107 E. Baseline as seen today.  Corner suite left of the droopy tree.

I walked in, and Jason's employee (another guy named Jason) was sitting there playing Starcraft at the front desk.  I was greeted with a "Hi," after which Lackey Jason returned to his game.  His five- or six-year old daughter played quietly behind the counter with her toys.

Looking around the impeccably clean store, I saw two walls full of Warhammer and supplies, such as it was in 1999, and eight or ten (no kidding) miniatures tables, and that was it.  Nothing behind the counter at all.  No inventory except Games Workshop products.  A glass showcase full of painted armies that were not for sale.  Crickets, no customers.  A demo table was laid out with Bretonnians and Lizardmen, and a second demo table with Space Marines and Dark Eldar (I think).

Bahr: So, you guys carry Magic: the Gathering?

Lackey Jason: Nope.

Bahr: What about Star Wars CCG?  Star Trek?

Lackey Jason: No cards.  Just Warhammer.

I looked at the space they had, it was a 3000-square-foot store with a lot of dead floor.  I had some remainder of the Wizard's Tower product at my home in the form of my own personal card collection, a pile of surplus singles, and I had spent a little bit of time sniffing the ground locally for clearances on trading card games at the likes of Bookstar and Waldenbooks and picking up a healthy bit of sealed Exodus, Urza's Saga, and Star Wars Unlimited Premiere and Hoth.  I owned a cash register and a terrible computer.  I owned two garage racks.

I made a decision.

Bahr: Would you be interested in subletting some space to me so I could join forces with you and be the card guy here?  I met Jason Barnes at my store last fall and I ended up closing, but I still have cards to sell.

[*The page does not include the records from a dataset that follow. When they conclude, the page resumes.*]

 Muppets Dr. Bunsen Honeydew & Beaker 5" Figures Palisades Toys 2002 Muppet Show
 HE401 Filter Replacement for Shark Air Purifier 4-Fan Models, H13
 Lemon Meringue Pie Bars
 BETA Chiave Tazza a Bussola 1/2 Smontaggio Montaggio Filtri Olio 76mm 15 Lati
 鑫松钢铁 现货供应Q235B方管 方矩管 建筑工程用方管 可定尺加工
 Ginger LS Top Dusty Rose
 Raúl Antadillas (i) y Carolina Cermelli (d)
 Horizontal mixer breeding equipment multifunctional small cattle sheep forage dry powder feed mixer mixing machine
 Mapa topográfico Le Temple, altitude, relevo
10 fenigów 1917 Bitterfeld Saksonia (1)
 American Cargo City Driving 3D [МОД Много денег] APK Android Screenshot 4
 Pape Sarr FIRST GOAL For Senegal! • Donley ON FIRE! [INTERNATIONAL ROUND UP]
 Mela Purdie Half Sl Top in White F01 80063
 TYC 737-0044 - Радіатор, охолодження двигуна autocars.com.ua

Lackey Jason: You'll have to ask Barnes.

Bahr: Here's my cell number.  (Side note: I still have the same cell number.)

(Two hours passed.)

Bahr (to phone): Moshi moshi?

Voice: Is this Mike Bahr?  Jason Barnes calling.  My store manager says you're interested in subletting in my store?

And the bargain was struck.  I posted on Usenet that night that I would be selling Magic cards and running tournaments at Arizona Gamer in Tempe.  I opened for business the next morning, paying Barnes a percentage of my daily gross, in cash.  Run the Z tape, hand over the money, chuck the Z tape because back then I kept records the way Beethoven heard notes, and start again the next day.  I was back, baby.

My first game store had crashed and burned and I left myself destitute.  The day I started at Arizona Gamer I had to make sales first in order to have enough cash in my possession to get lunch.  I was really, utterly, down to the cloth, in a way that motivates me every damned day to press harder and harder to earn money so I will never be in that position again.  Fear is a phenomenal motivator.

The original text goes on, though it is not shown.